El dolor y la indignación marcan hoy a una familia que atraviesa horas desgarradoras tras el violento accidente de tránsito ocurrido el domingo por la noche en el barrio San Isidro de Encarnación.
- 28/04/2026
- Por Edicion Prensa
Una adolescente permanece con muerte cerebral, mientras su madre lucha por sobrevivir con graves lesiones. En medio de esta tragedia, los familiares rompieron el silencio y exigen justicia.
En conversación con este medio, Martha Reyes, allegada a las víctimas, expresó con profunda impotencia que hasta el momento la conductora involucrada no se ha comunicado con la familia ni habría asumido responsabilidad alguna. “Estamos destrozados… lo único que pedimos es justicia. Que dé la cara y se haga cargo”, manifestó entre lágrimas.
El siniestro ocurrió alrededor de las 23:20 sobre la avenida Padre Juan Bock Winckel, cuando la motocicleta en la que viajaban María Ana Reyes, de 46 años, y su hija menor de edad, fue impactada frontalmente por un automóvil Toyota Funcargo, guiado por una mujer que, según la prueba de alcotest, conducía bajo los efectos del alcohol.
La fuerza del choque fue devastadora.
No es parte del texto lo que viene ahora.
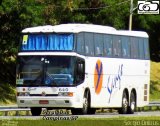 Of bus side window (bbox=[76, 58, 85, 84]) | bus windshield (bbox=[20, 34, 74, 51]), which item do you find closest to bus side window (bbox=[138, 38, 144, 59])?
bus side window (bbox=[76, 58, 85, 84])

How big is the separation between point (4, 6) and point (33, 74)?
1864 centimetres

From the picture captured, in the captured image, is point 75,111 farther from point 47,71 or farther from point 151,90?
point 151,90

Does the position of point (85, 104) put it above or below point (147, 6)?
below

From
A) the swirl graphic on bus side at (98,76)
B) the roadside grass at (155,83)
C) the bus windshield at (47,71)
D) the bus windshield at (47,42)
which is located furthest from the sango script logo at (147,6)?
the bus windshield at (47,71)

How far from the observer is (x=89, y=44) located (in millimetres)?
34594

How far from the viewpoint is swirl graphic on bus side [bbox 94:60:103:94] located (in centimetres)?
3506

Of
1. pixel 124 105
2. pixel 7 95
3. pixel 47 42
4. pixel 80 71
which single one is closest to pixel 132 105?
pixel 124 105

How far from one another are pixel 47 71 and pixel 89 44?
9.10 feet

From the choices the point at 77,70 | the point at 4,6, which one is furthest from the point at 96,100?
the point at 4,6

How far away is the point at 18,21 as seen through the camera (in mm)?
52312

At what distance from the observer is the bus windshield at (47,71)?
3262cm

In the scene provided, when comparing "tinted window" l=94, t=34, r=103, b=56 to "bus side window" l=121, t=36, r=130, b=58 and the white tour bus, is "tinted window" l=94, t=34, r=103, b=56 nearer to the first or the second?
the white tour bus

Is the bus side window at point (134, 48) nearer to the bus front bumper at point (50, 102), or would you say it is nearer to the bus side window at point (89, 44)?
the bus side window at point (89, 44)

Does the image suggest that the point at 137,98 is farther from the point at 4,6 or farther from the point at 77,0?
the point at 77,0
Ambas víctimas salieron despedidas contra el asfalto, sufriendo heridas de extrema gravedad.
La adolescente fue diagnosticada con muerte cerebral, un cuadro irreversible que mantiene a la familia aferrada a un hilo de esperanza, mientras que su madre presenta múltiples fracturas y necesita con urgencia una cirugía con colocación de platino.
Los familiares aseguran que imágenes de circuito cerrado ya analizadas evidencian una grave imprudencia por parte de la conductora, lo que refuerza su reclamo de justicia. “No fue un accidente cualquiera, hubo irresponsabilidad”, sostienen.
Tras el hecho, la mujer fue aprehendida y quedó a disposición del Ministerio Público, enfrentando cargos por exposición al peligro en el tránsito terrestre y lesiones graves. Sin embargo, para la familia, esto no es suficiente.
Mientras tanto, la comunidad acompaña con consternación este caso que vuelve a poner en el centro del debate las consecuencias de conducir bajo los efectos del alcohol.
Una familia rota, dos vidas marcadas y un pedido que resuena con fuerza: justicia.